# Recommending Music using the AudioScrobbler Dataset

To build a recommendation system using Spark and MLib using a dataset published by AudioScrobbler. This data is 500MB uncompressed and can be downloaded here- http://www-etud.iro.umontreal.ca/%7Ebergstrj/audioscrobbler_data.html

This is based on an exercise in the awesome book [Advanced Analytics with Spark](http://shop.oreilly.com/product/0636920035091.do). This is not intended to be a production ready application but instead a learning exercise. Chapter 3 of the book, entitled Recommending Music and the Audioscrobbler Data Set introduces readers to a recommendation algorithm Spark supplies called The Alternating Least Squares Recommender Algorithm.

## Technology Stack:

* Spark MLlib
* Scala

## Preparing Data

### Importing Data

In [1]:
val uadatapath="hdfs:///user/swethakolalapudi/audio/user_artist_data.txt"
val rawUserArtistData = sc.textFile(uadatapath)

Each line of the file contains a user ID, an artist ID, and a play count, separated by spaces. To compute statistics on the play count, we split the line by space, and the third (0-indexed) value is parsed as a number.
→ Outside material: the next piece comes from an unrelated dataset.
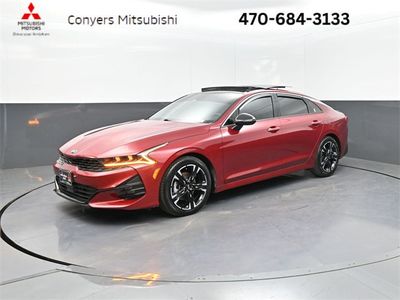 2021 Kia K5 - 5XXG64J29MG026945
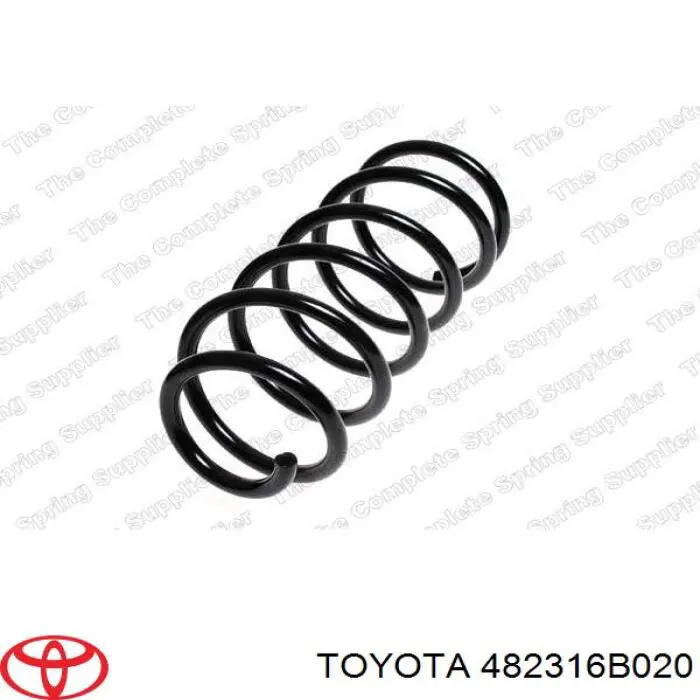 Do koszyka 482316B020 Toyota Sprężyna tylna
The stats() method returns an object containing statistics like maximum and minimum.

In [9]:
rawUserArtistData.map(x => x.split(" ")(2).toDouble).stats()

(count: 24296858, mean: 15.295762, stdev: 153.915321, max: 439771.000000, min: 1.000000)

The computed statistics that are printed reveal that the maximum play count is 439771 and mean is around 15. Total number of entries are around 24 million. The maximum play count could be an outlier.

In [2]:
import org.apache.spark.mllib.recommendation._

Some of the ratings may be just noise as the user may have listened to an artist a few times to give it a try. So, I will filter the ratings to include only very strong ratings. This will also help to reduce the number of records as ALS is very expensive computation wise.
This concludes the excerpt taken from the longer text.